Seneca philosophiert über die Vorzüge des Alters

Seneca fordert die Menschen auf, dem Alter eine ihm gebührende Aufmerksamkeit und Liebe zu schenken. Denn wer das Alter verständig nutzt, dem bietet es eine Fülle an Genuss. Wie die meisten wissen, schmecken überreife Früchte am besten. Auch die Kindheit übt ihren stärksten Reiz kurz vor ihrem Abschluss aus. Und der letzte, umwerfende Schluck, der der Rausch aufs höchste steigert, gibt dem echten Zecher ein unendliches Gefühl der Zufriedenheit. Seneca schreibt: „Jede Lust spart sich ihre höchste Wonne bis zum Ende auf. Und so ist das Alter dann am angenehmsten, wenn es schon zur Neige geht, aber noch nicht jäh abstürzt.“

Jeder Tag ist eine Stufe des Lebens

Für Seneca hat das Alter sogar auf der letzten Stufe seine Annehmlichkeiten. Möglicherweise tritt hier die Bedürfnislosigkeit an die Stelle der Genüsse. Wie wohltuend kann es doch sein, wenn man die eigenen Begierden hinter sich lassen kann. Es bedrückt Seneca nicht, den Tod im Alter so unmittelbar vor Augen zu haben. Denn Greis und Jüngling müssen ihn gleichermaßen vor Augen haben, denn der Abruf erfolgt nicht nach Klassen des Alters. Und außerdem ist laut Seneca niemand so alt, dass es dreist von ihm wäre, nicht wenigstens noch auf einen Lebenstag zu hoffen.

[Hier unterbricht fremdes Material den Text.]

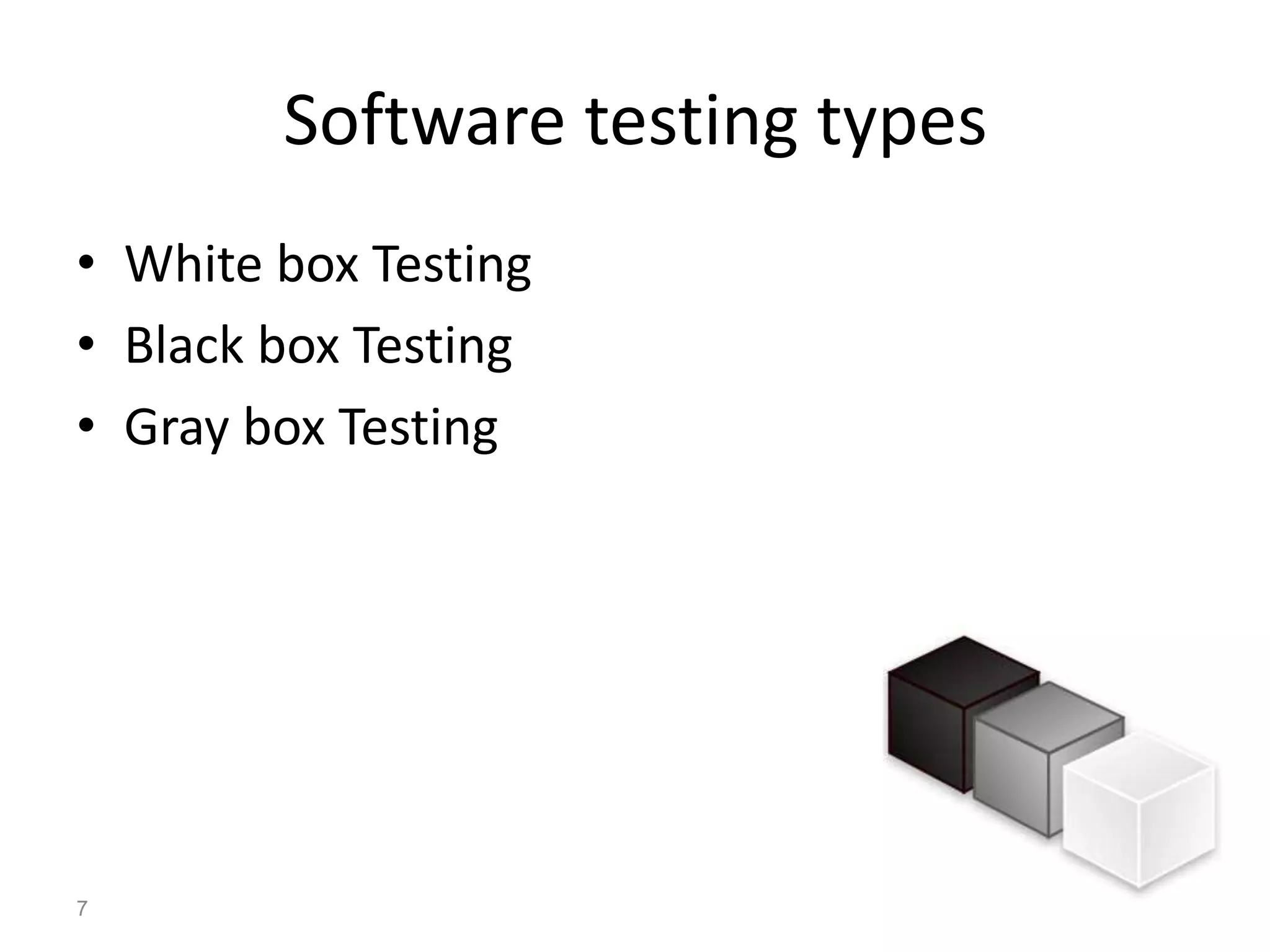 Software testing types
• White box Testing
• Black box Testing
• Gray box Testing
7
 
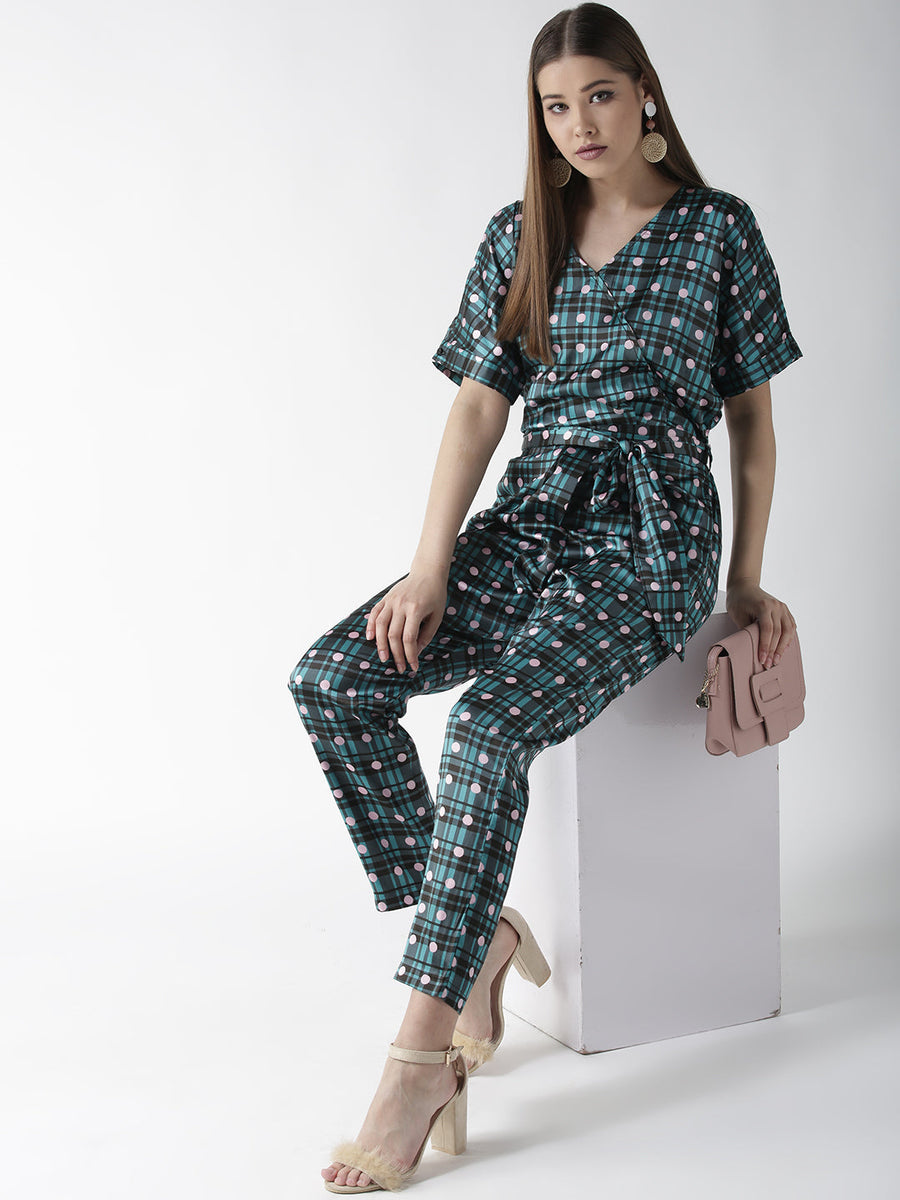 Women's Green Tie & Dye Rayon Printed Jumpsuit - Stylestone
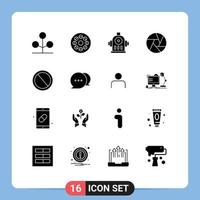 Set of 16 Modern UI Icons Symbols Signs for garbage bin fire photo camera Editable Vector Design Elements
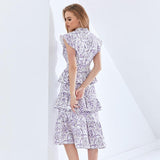RIZZA Ruffled Printed Midi Dress in colors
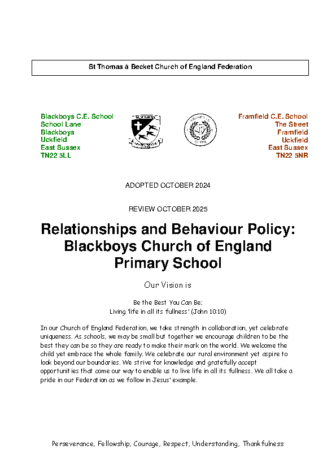Relationships and Behaviour Policy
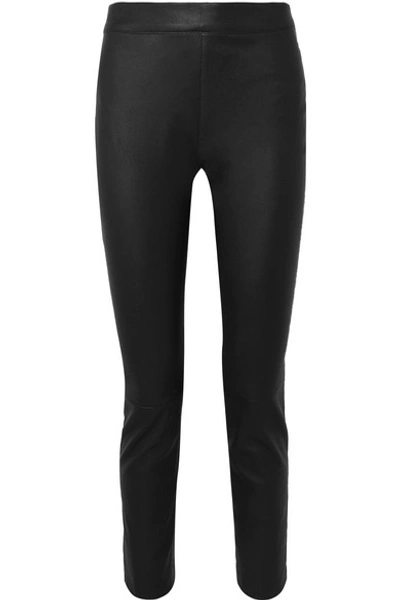 Shop Diane Von Furstenberg Claudia Leather Slim-leg Pants In Black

Seneca spürt in jedem einzelnen Tag eine Stufe des Lebens. Denn das Leben der Menschen setzt sich aus Einzelabschnitten zusammen, schließt sich in immer größeren Kreisen um die jeweils kleineren, bis ein letzter alle übrigen umfasst und umrundet, vom Tag der Geburt sich ausdehnend bis zum Todestag. Ein Kreis umschließt beispielsweise die Jugendzeit, ein anderer die ganze Kindheit. Eine Besonderheit ist laut Seneca der Jahreskreis, der alle Zeiteinheiten enthält, aus deren Wiederkehr sich das Leben zusammensetzt.

Ein Leben unter Zwängen ist ein Übel

„Darum sollte man jeden Tag so einrichten, als ob er den Reigen abschlösse und unser Leben vollende“, rät Seneca. Die Menschen sollen mit gutem Gewissen jeden Tag, bevor sie Schlafen gehen, fröhlich und heiter sagen: „Ja, ich habe gelebt und den Lauf meines Schicksals vollendet.“ Wenn ihnen noch ein weiterer Tag gegeben ist, sollen sie ihn erfreut annehmen. Für Seneca ist derjenige der Allerglücklichste, der in sorgenfreiem Selbstbesitz den nächsten Morgen ohne Unruhe erwarten kann.

Wer im Alter sagen kann, dass er gelebt hat, beginnt laut Seneca jeden neuen Tag mit Gewinn. Es ist für ihn ein Übel, unter Zwang zu leben, doch unter Zwang weiterzuleben, besteht kein Zwang! Seneca erklärt: „Es stehen überall viele kurze, leicht gangbare Wege zur Freiheit offen.“ Er zitiert Epikur, der gesagt hat, dass die Menschen der Gottheit dankbar sein müssen, dass niemand im Leben zurückgehalten werden kann. Selbst die Not könnten die Menschen unter ihre Füße treten.